Photo: David L. Ryan/Boston Globe/Getty Images

A primary complaint about the current U.S. economy has been the hollowing out of "middle-skill jobs" — the type of work that people with high school educations and substantial training could do and earn a "middle wage."

Be smart: But even if such jobs were restored, it would not mean a revival of America's battered middle class. That's because middle-wage jobs largely do not pay a middle-class salary.

Confused? So were we.

What's happening: Since the early 1970s, the American middle class has shrunk to about half of all families, from about 60%, according to Pew, a trend that's taken on more importance since the financial crash, becoming a substantial feature of the nation's broad disaffection.

  • Digging into the economic fallout, study after study has noted the deindustrialization of numerous states, such as Ohio, Pennsylvania, Michigan and Wisconsin, resulting in tens of thousands of job losses.
  • But while many of those jobs once paid middle-class wages, the collapse of unions and other factors have much-reduced the pay. Now, the same jobs are said to pay "middle wages," but do not suggest a ladder to the actual middle class.

An example: In 1972, the average American union carpenter earned the current equivalent of $33.55 an hour — about $70,000 a year. Today, a carpenter earns $20.23 on average, about $42,000 annually, according to Indeed.

  • The difference in dollar terms is of course enormous. But it's arguably more in terms of what it buys.

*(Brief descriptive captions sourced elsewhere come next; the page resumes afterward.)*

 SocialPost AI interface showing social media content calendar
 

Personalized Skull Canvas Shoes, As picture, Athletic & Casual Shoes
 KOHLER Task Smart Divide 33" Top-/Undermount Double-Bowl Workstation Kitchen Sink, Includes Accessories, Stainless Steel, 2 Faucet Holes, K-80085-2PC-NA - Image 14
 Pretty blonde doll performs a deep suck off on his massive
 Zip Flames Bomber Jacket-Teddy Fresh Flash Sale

In the 1970s, it was a ticket to the middle class, with the then-accouterments, including a home, a reasonably new car, and possibly even a summer vacation.
  • Today's average carpenter salary is at the very bottom of the middle class, which begins at about $40,000, according to Pew, and does not typically put a worker in a position to purchase the 1970s middle-class lifestyle.

The background: In 1948, unionized auto industry workers achieved a major breakthrough — an agreement from the industry on a "basic wage." Over the subsequent decades, the symbol of the basic wage was $20 an hour, a threshold that spread, representing the bottom of the union wage ladder.

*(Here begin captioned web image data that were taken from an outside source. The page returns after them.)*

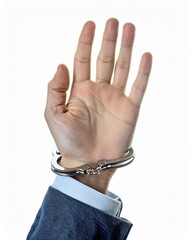 Handcuffed Hand Raised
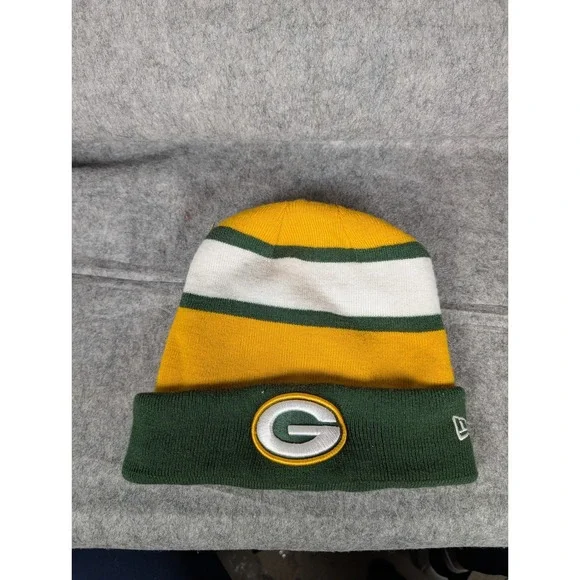 New Era Green Bay Packers NFL Cuffed Knit Beanie Hat Green Gold Fleece‎ Lined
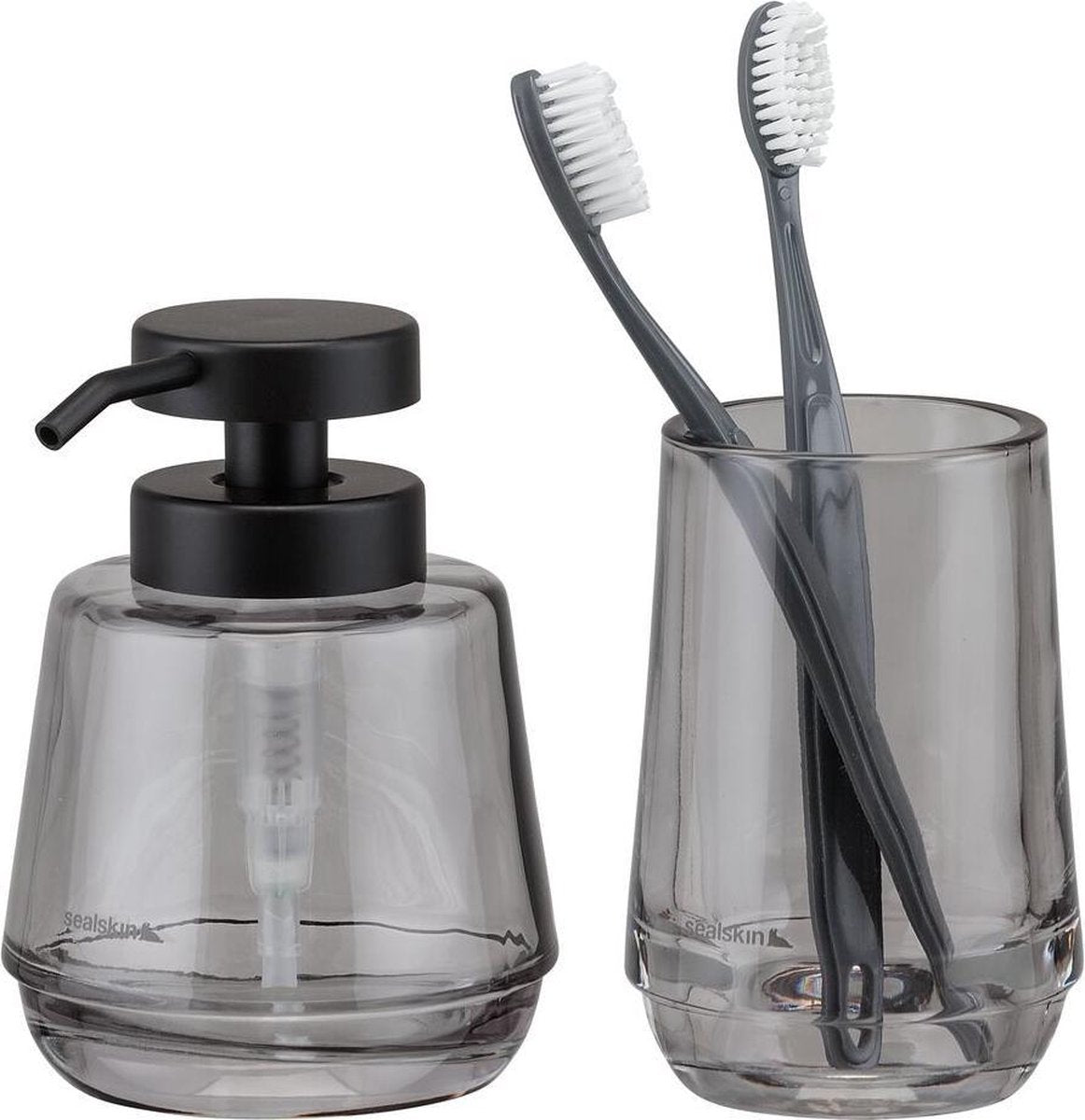 Sealskin mood - badkamerset - zeepdispenser 380 ml - tandenborstelbeker - grijs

  • By 1979, 23% of all U.S. hourly workers earned at least $20. Then it began dropping, to 18% in 1989 and 16% in 2000.

Today, economists and other experts typically call $15 an hour "middle wage;" the top of the middle-wage scale can be a little over $20. Since the financial crash a decade ago, some three-quarters of new jobs have paid around $15 or less an hour. As of 2015, 42% of all workers earned $15 or less per hour, according to the National Employment Law Project.

  • Why it matters: Language matters. Use of the phrase "middle wage" projects the impression of a middle-class job. That they are not suggests a degradation of what it means to be middle class — now, to be middle class, you must earn a "high wage."
  • "I would expect that most people that earn $15 an hour, especially if they are in higher-cost areas and have a family to support, are not able to live what they believe to be a middle class life given the increased costs for housing, education, and health care, and the fact that these costs are increasing far faster than wages," said Al Fitzpayne, who runs the Future of Work Initiative for the Aspen Institute.